With beaches galore on the island, it may seem daunting deciding which ones to visit. This one’s a no-brainer. After all, it’s been the filming location for Baywatch Hawaii and Magnum P.I., and was the place where James Michener drew inspiration for his novel Hawaii.
Waimanalo Beach Park is a dreamy, five-mile long stretch of silken white sand, which gently slopes into calm, turquoise waters. It’s not only the longest beach on Oahu, but one of the most scenic and picturesque. On the beach is everything you’d expect from a tropical ocean paradise. Underwater is more of the same, with a majestic display of colorful coral, shells, and sea creatures. Due to its shallow sandbar, small waves, and an easy, gradual sand slope, the park is an ideal spot for swimming and beginning surfing. It’s also a mecca for fishing, body boarding, and snorkeling.
8801 Kalanianaole Hwy, Honolulu, HI, United States
Known as the most dangerous beach in Hawaii, Sandy Beach features a strong shore break, powerful rip tides, and rough, pounding waves. Even when the waters seem calm, it is best not to enter the water for casual swimming. Accidents are a frequent occurrence here, with the nickname “beach of broken necks” more than just an expression. Experienced body boarders and surfers flock to the area since the surf breaks close to shore and the waves are perfect for the sport.
Even if you don’t plan to partake in any water activities, Sandy Beach is a great spot for watching those who do, and it’s a fabulous location for photographs of large, active waves.
Free parking, picnic tables, restrooms, and showers are on site.
Although Kalama Beach may be less popular than its next-door-neighbor, Kailua Beach, it shares many of the same stellar attributes, including silken white sand, towering palm trees, calm blue waters, and an awe-inspiring view of the Molulua Islands. This smaller, less crowded beach is, by comparison to the more populous Kailua Beach, a peaceful and secluded retreat, ideal for relaxing and taking in the sights, smells, and sounds of the ocean.
Although there are no lifeguards on duty, the waters are typically calm, making it great for swimming or beginner body boarding. Before getting in the water, check for postings about man-of-war jellyfish sightings, as these stinging creatures have been known to wash up into the area.

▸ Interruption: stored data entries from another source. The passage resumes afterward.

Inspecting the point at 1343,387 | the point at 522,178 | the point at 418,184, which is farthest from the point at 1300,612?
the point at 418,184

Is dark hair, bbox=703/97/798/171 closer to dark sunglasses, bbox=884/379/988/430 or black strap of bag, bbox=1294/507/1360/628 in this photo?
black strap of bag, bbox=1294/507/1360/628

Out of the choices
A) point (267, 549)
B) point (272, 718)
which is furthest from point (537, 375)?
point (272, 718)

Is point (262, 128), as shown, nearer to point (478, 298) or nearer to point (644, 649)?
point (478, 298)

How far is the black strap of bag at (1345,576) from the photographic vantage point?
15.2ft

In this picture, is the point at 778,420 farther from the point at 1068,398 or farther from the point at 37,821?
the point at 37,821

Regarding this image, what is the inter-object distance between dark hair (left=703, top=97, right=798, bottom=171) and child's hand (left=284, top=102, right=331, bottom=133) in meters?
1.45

Beyond the beach is the park with its large grassy area, perfect for picnicking, playing catch, spiking a volleyball, or tossing around a Frisbee. There are restroom facilities, showers, a private parking lot, and nearby shops for renting equipment.
With a rocky bottom near the shore, this small beach is not the best for casual swimming, but there are a few sandy pools where kids often play. Near the pier are some good spots for snorkeling and scuba diving. Two small islands are located offshore, both of which are seabird sanctuaries. There are no public facilities on this stretch of beach, but there is a bit of history, as it is the place where the youngest lava flow on Oahu is thought to have occurred.
Off the beaten path, accessed only by way of a challenging, unmarked trail, are the Makapuu tide pools. The tide pools are not only beautiful to look at, but are perfect for swimming in or even snorkeling in if the tide is low. On days when the sea is rough, or when the tide is high, the hike to the tide pools is not recommended. Since many sections on the route are not clearly marked, and follow along a dangerous, rocky shoreline, inexperienced hikers are advised against the trip. Even the most confident trekkers need to use caution, bring plenty of water and sunscreen, wear sturdy hiking shoes, and go only when the sea is calm. To find the tide pools, you’ll begin on the easily-navigated paved road to the Makapuu lighthouse. Once you reach the lookout point, where Humpback whales can often be spied, follow the rocky path down the mountain.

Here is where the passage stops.